Following this assessment, the Governor explained that, “At this time, the Bank of Israel’s role is to assist in attaining the proper balance in the financial system. It is essential that the banks know how to find the balance between their credit policy and the financing needs of the economy—particularly the business sector, with an emphasis on small and medium-sized businesses, which are most significant for the economy’s ability to continue growing, and are based mainly on bank credit.”
The Governor clarified to the CEOs of the banks that “If each bank makes its credit policy significantly more rigid, economic growth will slow, which will retroactively justify the tighter credit policy adopted by the banks, becoming a self-fulfilling prophecy. However, if each bank and the other banks in the system ease their credit policy even slightly, it will help in overcoming the cash flow difficulties that may weigh down on healthy economic activity, and the economy will weather the intermediate period and grow more rapidly, which will retroactively justify the more accommodative policy adopted by the banks.”
The Governor added that, “The Ministry of Finance, in conjunction with the Bank of Israel, will assist, partly through the designated fund for small and midsized businesses that was launched yesterday.
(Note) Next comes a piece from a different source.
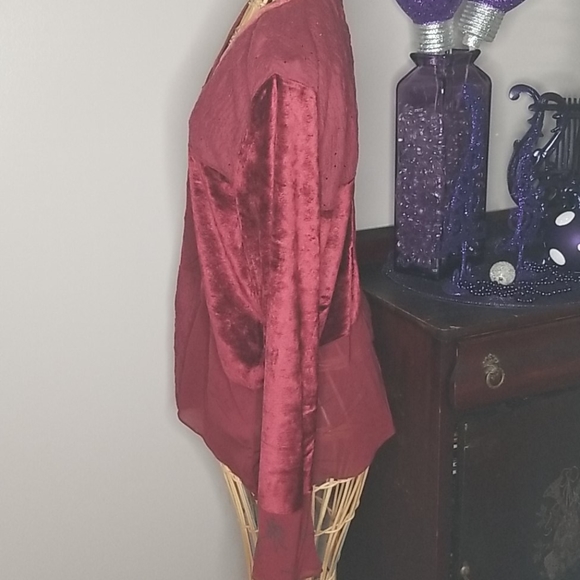 J. Jill Large Maroon Red Velvet Lace Sheer Patchwork Button Down Long Sleeve Top - Picture 3 of 12
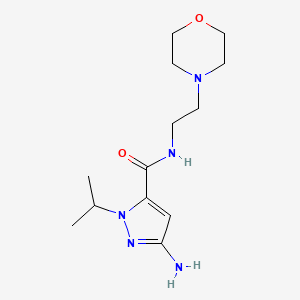 molecular formula C13H23N5O2 B2577951 3-Amino-1-isopropyl-N-(2-morpholin-4-ylethyl)-1H-pyrazole-5-carboxamide CAS No. 2101195-55-3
These solutions will help various merchants deal with the situation in the intermediate period, based on the banks’ business considerations.”
The Supervisor of Banks said that, “the banks have surplus capital of about NIS 14 billion, beyond the regulatory capital ratios, and can therefore continue to provide credit to good companies that encounter cash flow difficulties due to the situation, since right now, this incident is a fundamentally a cash flow event.” The Supervisor of Banks provided a report at the meeting regarding the state of the banking system, the measures taken since the beginning of the crisis to ensure business continuity and service to customers, and the exposure to scenarios that may develop. At the discussion, it was decided to establish a team of all banks, led by the Banking Supervision Department, to examine further steps that can be implemented to make it easier for the banks’ customers if things become more serious. Dr. Ber said that the Banking Supervision Department has increased and expanded supervision and on-going monitoring of developments at each bank and in the banking system as a whole. The Supervisor of Banks emphasized that the banking system in Israel is prepared in terms of capital and liquidity for possible scenarios of various levels of severity.
The CEOs of the banks reviewed the state of the banking system, the measures taken since the beginning of the crisis to ensure business continuity and service to customers, and the exposure to various possible scenarios. They acceded to the call by the Governor and the Supervisor of Banks, and said that they will contribute to helping companies and customers of the banking system.
The presentations at today’s meeting, the on-going conversation between the Bank of Israel and the banks, and the analysis of data that the banks sent to the Banking Supervision Department all show that the banking system’s current exposure to the crisis is small, and that the banks are also prepared for a worsening of the situation, should the event continue and expand at the global and domestic levels. Furthermore, it appears that the banking system is taking appropriate and responsible steps to manage the various banking services on an on-going basis. The Governor and the Supervisor of Banks took positive note of the actions taken, and expressed trust in the Israeli banking system, and particularly in its risk management.